┌──
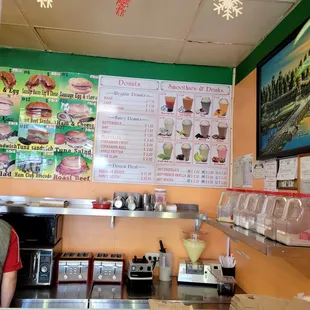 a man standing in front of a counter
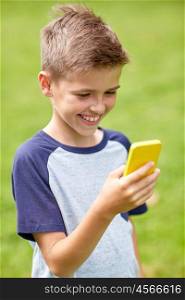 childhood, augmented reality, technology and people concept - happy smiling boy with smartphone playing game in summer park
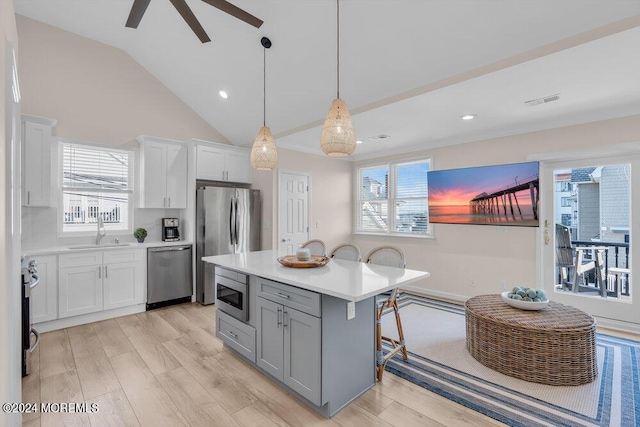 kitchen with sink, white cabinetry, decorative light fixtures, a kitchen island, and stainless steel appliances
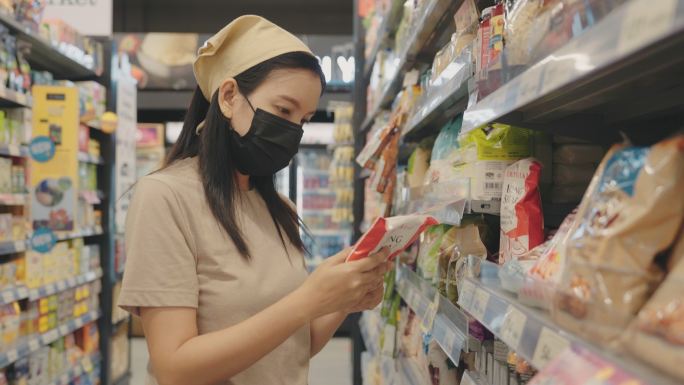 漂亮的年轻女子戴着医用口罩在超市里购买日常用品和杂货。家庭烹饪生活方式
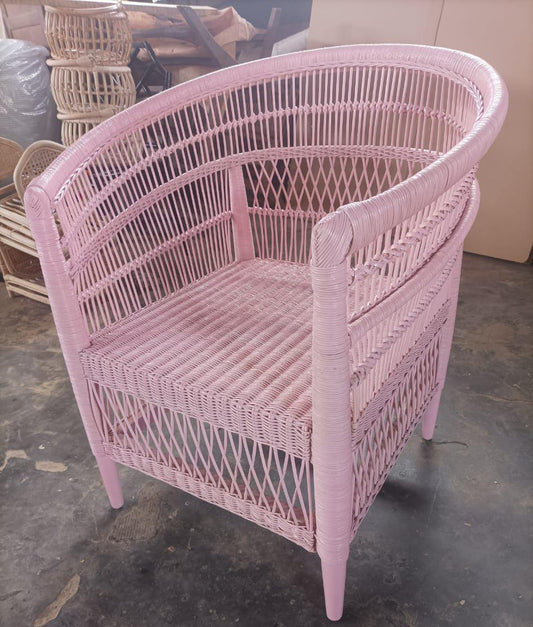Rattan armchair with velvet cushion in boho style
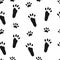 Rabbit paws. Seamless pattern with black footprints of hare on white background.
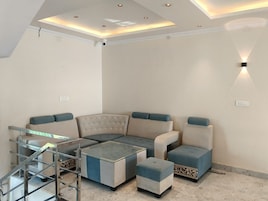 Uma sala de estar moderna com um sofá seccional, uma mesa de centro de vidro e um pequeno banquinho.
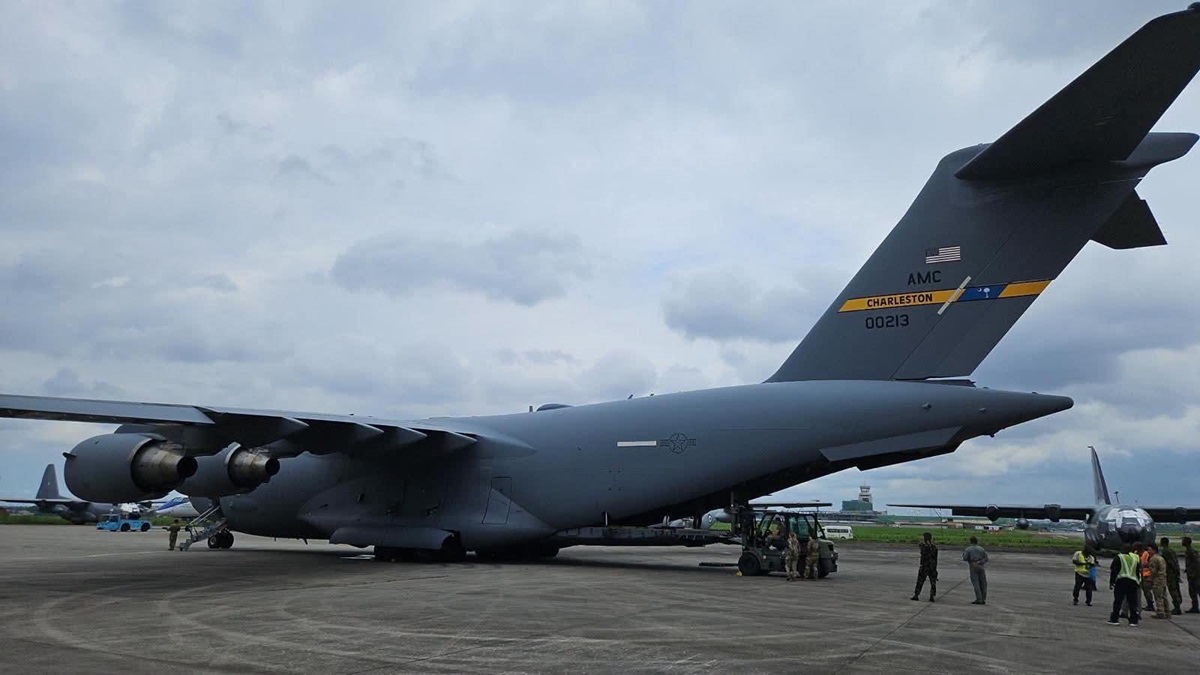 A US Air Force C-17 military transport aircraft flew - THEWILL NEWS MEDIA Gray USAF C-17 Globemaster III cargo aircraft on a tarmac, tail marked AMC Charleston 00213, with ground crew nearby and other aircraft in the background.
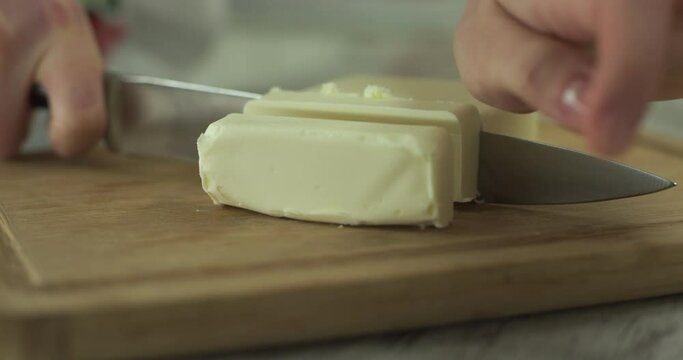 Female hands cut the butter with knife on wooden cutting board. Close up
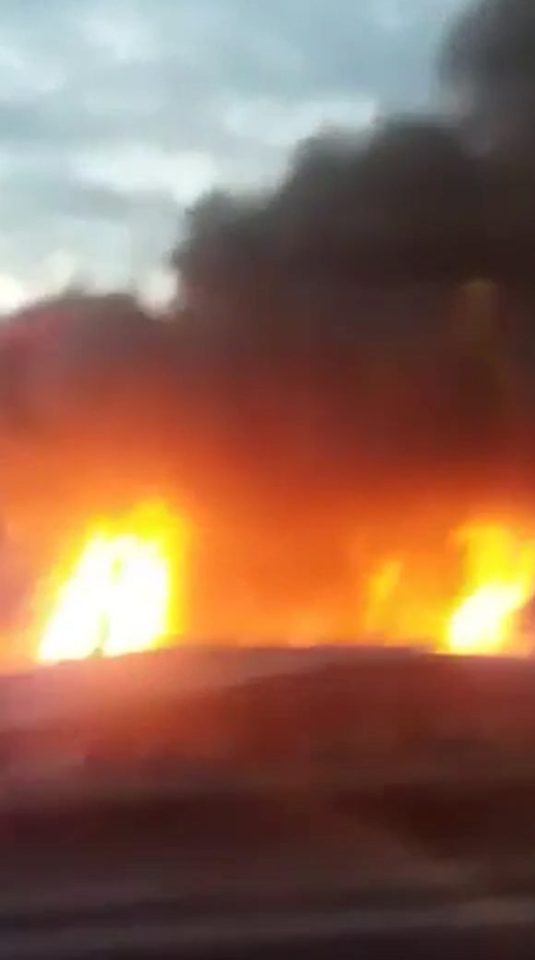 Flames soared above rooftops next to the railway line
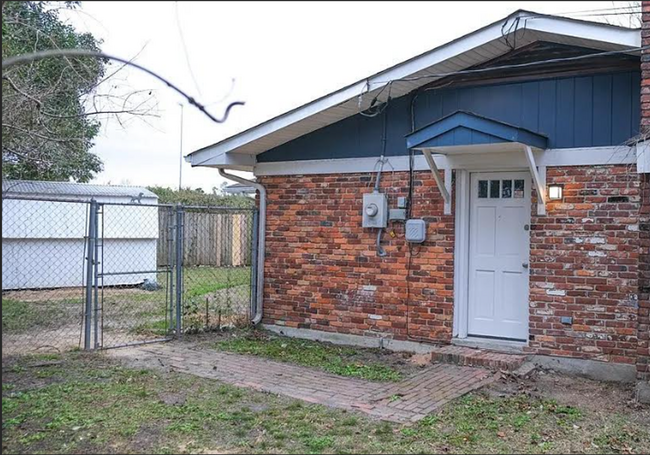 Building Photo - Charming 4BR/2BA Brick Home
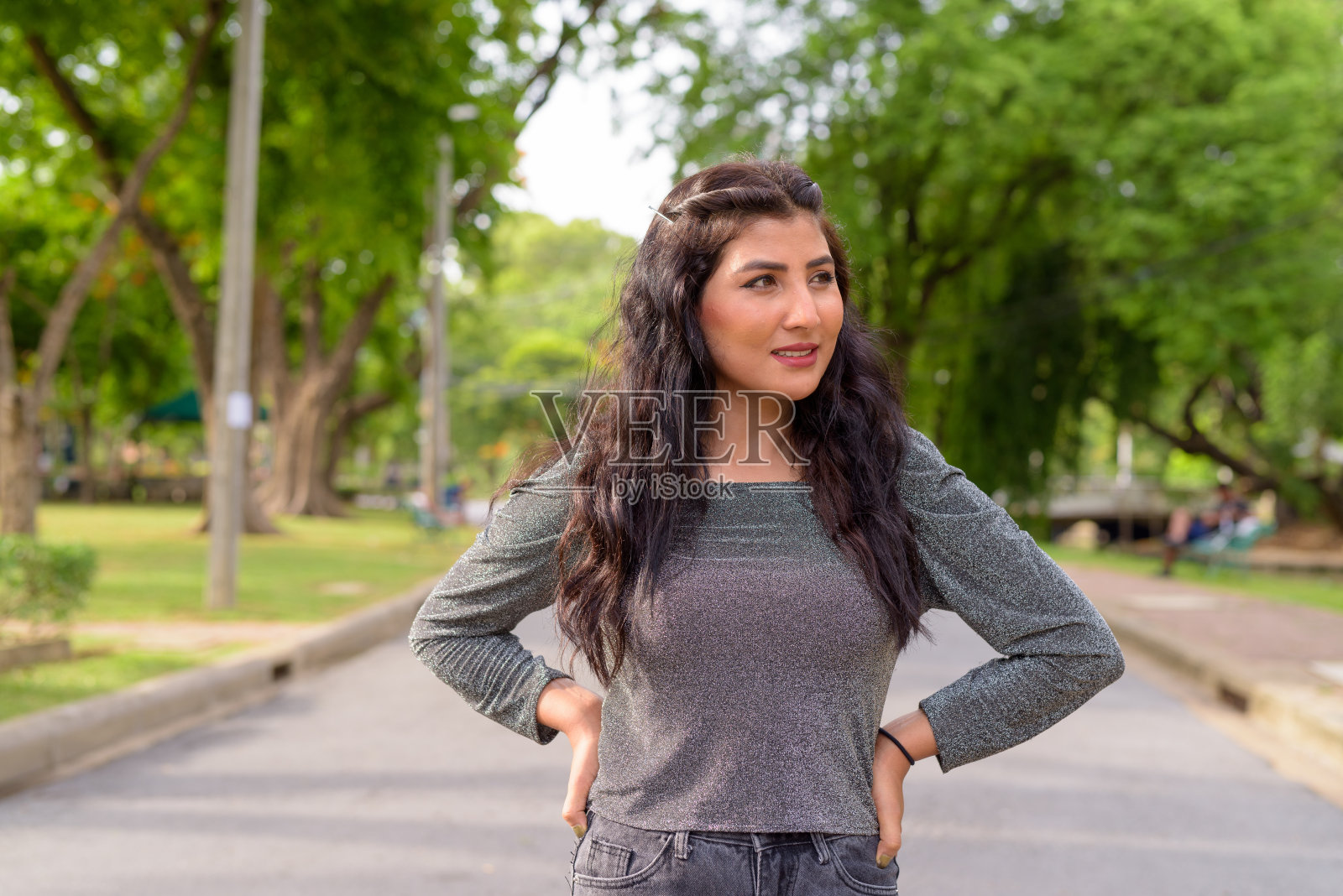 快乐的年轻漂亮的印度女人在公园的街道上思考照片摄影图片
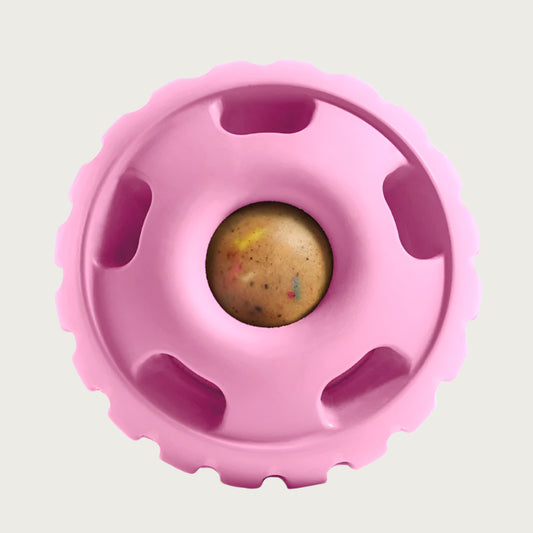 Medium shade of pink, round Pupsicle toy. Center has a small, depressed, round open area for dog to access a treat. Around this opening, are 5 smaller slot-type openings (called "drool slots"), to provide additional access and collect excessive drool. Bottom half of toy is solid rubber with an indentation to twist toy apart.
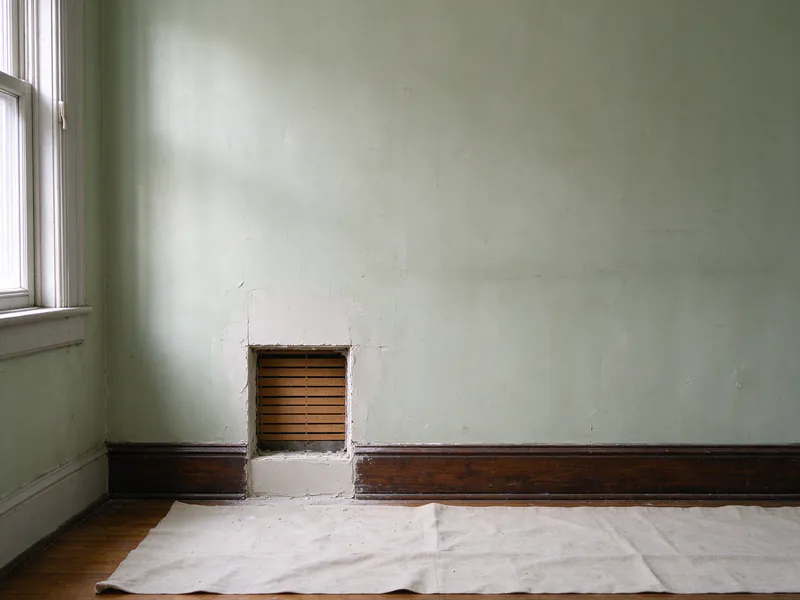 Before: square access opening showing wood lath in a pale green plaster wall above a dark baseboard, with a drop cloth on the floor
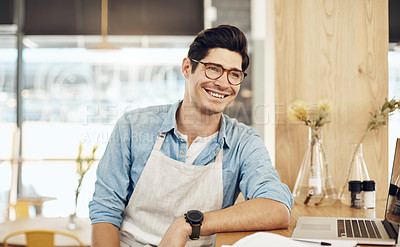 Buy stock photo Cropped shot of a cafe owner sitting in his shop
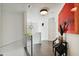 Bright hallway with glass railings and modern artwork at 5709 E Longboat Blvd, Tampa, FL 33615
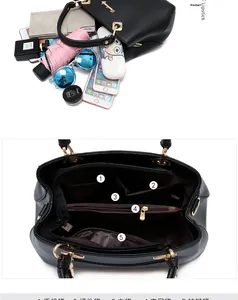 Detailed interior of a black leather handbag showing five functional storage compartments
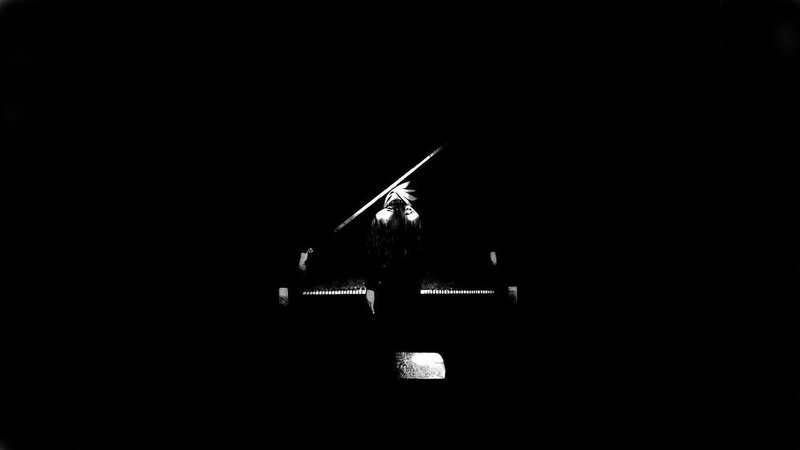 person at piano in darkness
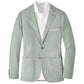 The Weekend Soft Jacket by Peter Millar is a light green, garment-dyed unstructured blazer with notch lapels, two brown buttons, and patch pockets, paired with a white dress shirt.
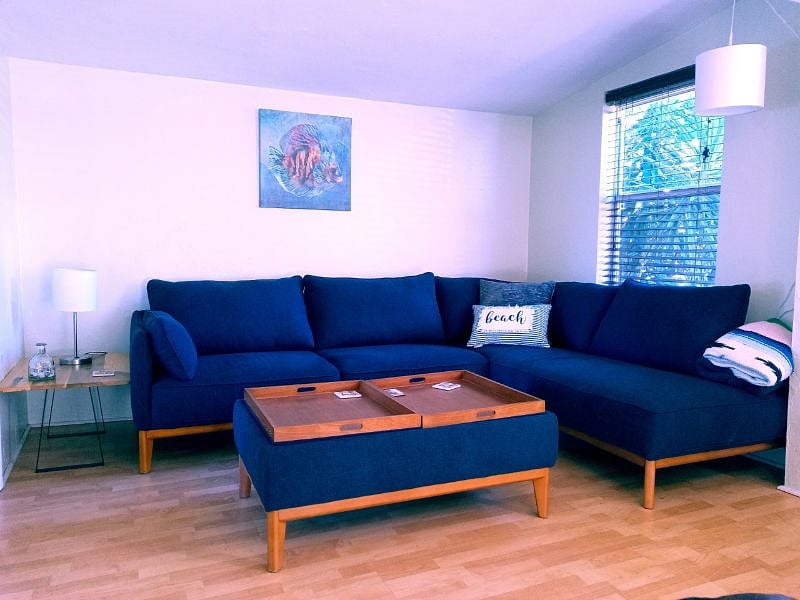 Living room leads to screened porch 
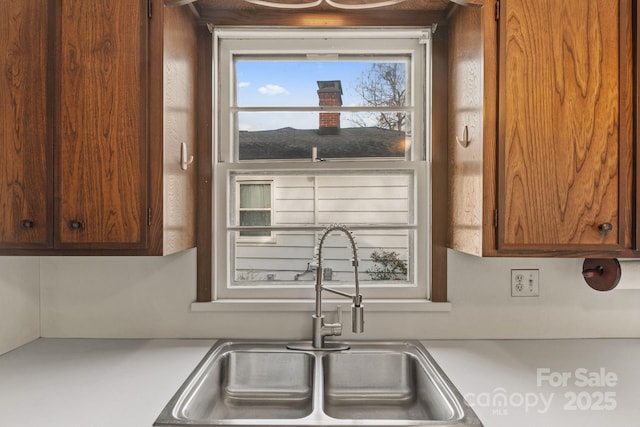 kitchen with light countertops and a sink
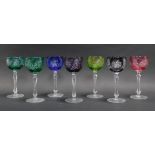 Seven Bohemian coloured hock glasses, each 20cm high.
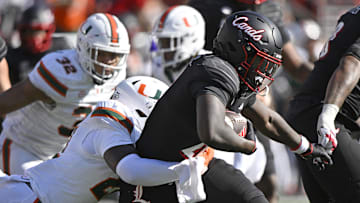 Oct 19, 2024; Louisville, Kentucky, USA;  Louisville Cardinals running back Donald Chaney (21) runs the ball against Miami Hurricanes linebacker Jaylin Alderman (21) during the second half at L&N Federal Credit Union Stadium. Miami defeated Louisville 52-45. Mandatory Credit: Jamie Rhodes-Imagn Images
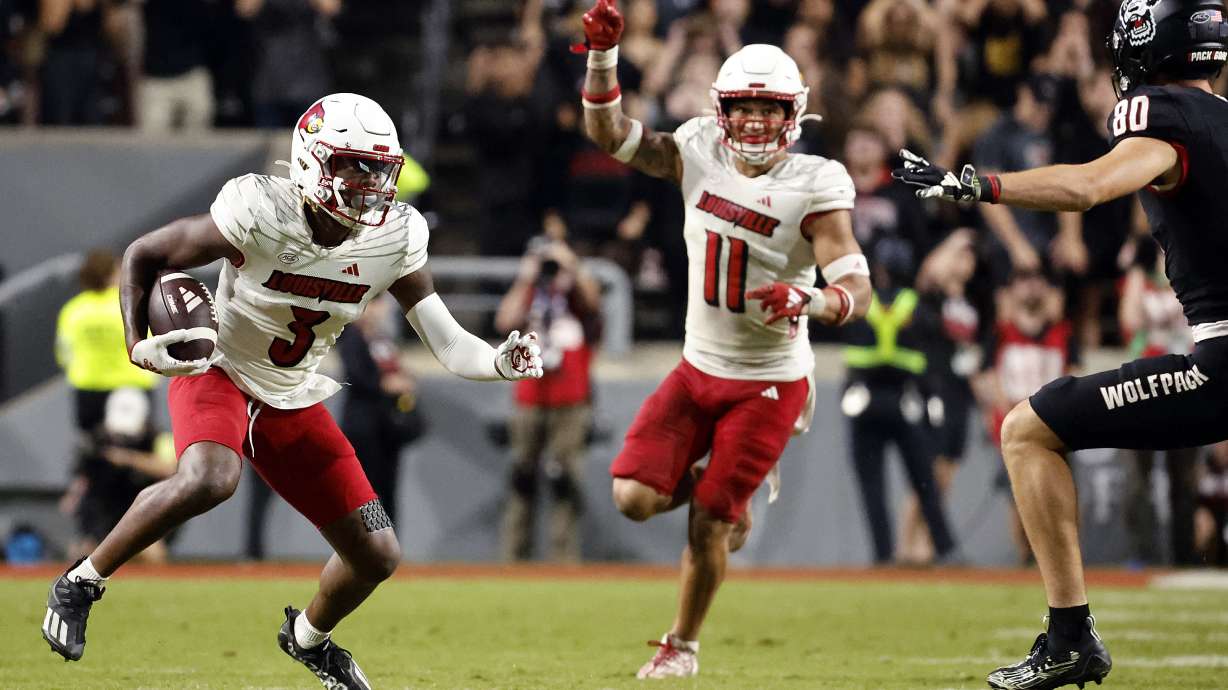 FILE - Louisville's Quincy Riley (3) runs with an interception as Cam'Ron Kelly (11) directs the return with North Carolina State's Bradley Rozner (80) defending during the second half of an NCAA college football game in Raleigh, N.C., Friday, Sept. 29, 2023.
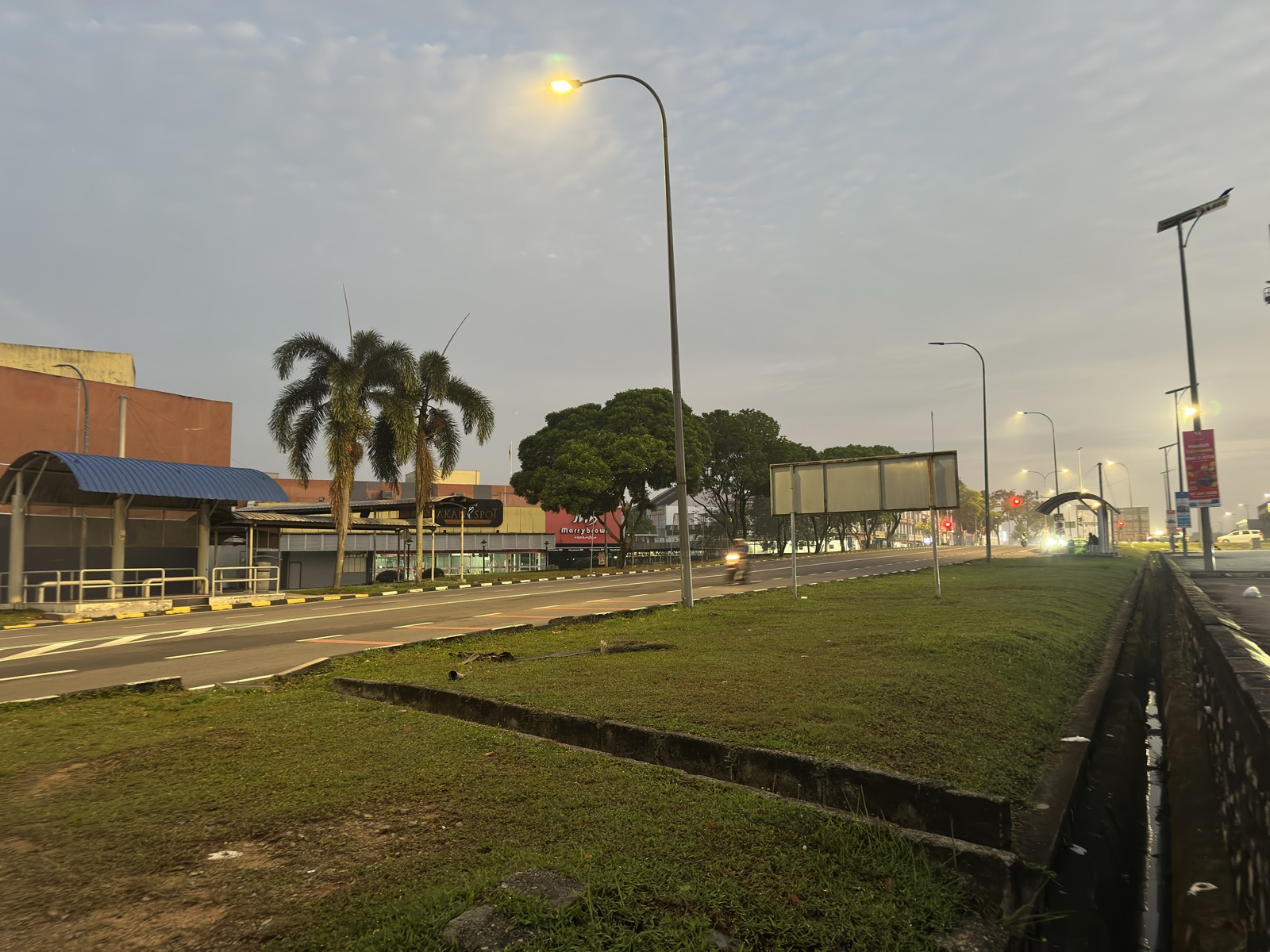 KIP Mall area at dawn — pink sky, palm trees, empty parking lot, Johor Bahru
└──
- The problem: Take the entries above and copy exactly the lines starting at the one with "漂亮的年轻女子戴着医用口罩在超市里购买日常用品和杂货。家庭烹饪生活方式" and ending at the one with "Rabbit paws. Seamless"; nothing outside that span, and no pictures.

- Response area:
 漂亮的年轻女子戴着医用口罩在超市里购买日常用品和杂货。家庭烹饪生活方式
Rattan armchair with velvet cushion in boho style
 Rabbit paws. Seamless pattern with black footprints of hare on white background.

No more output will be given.